Dimanche soir, le CSFA a publié un supplément à la déclaration constitutionnelle de l’armée du 30 mars 2011, élargissant davantage encore les pouvoirs dictatoriaux de l’armée. Les amendements transmettent tous les pouvoirs législatifs et budgétaires au CSFA et autorisent aussi le CSFA à fixer la composition de l’assemblée constituante qui sera chargée de rédiger la nouvelle constitution.

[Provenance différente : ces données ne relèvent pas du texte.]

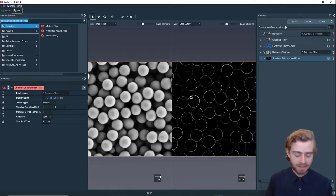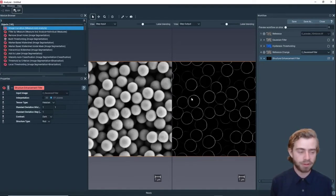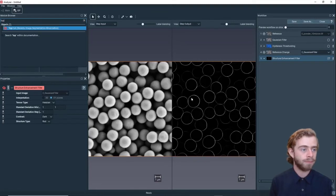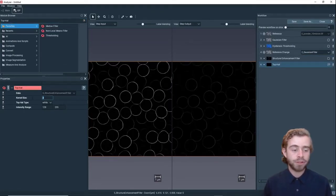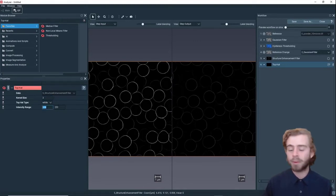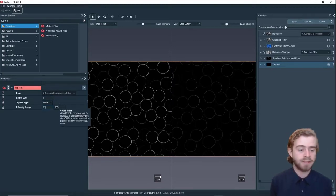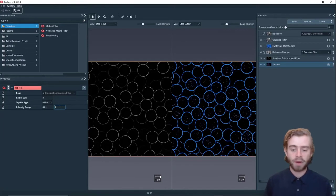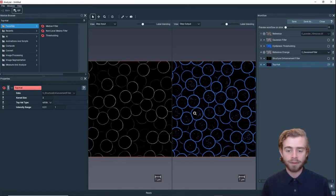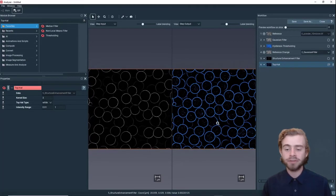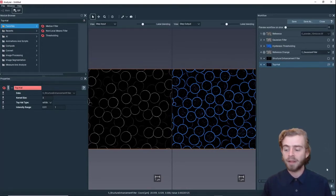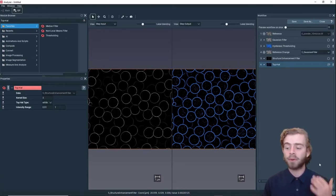The next thing we want to do is segment these outlines out. To do this we're going to use the Top Hat Filter, and we're going to keep the kernel size at 3 but change the intensity range from 0.01 to 1. As you can see, the step output is the outlines of each of the particles, and there's some little noise in the middle but we can fix that.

L’article 53 modifié vise à garantir les intérêts politiques et économiques des militaires. Il spécifie que « les membres sortants du CSFA ont la responsabilité de décider de toutes les questions relatives aux forces armées, y compris la nomination de ses dirigeants et la prorogation des mandats des dirigeants susmentionnés. L’actuel chef du CSFA a la fonction d’agir comme commandant en chef des forces armées et comme ministre de la Défense jusqu’à ce que la nouvelle constitution soit rédigée. »

L’article 53b autorise l’armée à intervenir pour écraser toute manifestation de masse qui défie l’autorité des généraux : « Si le pays est confronté à des troubles internes nécessitant l’intervention des forces armée, le président est habilité à publier une décision pour commanditer les forces armées – avec l’approbation du CSFA – à assurer la sécurité et à défendre les biens publics. » L’actuelle loi égyptienne fixe les pouvoirs des forces armées et de leurs autorités lorsque l’armée peut recourir à la force ou arrêter et détenir des manifestants.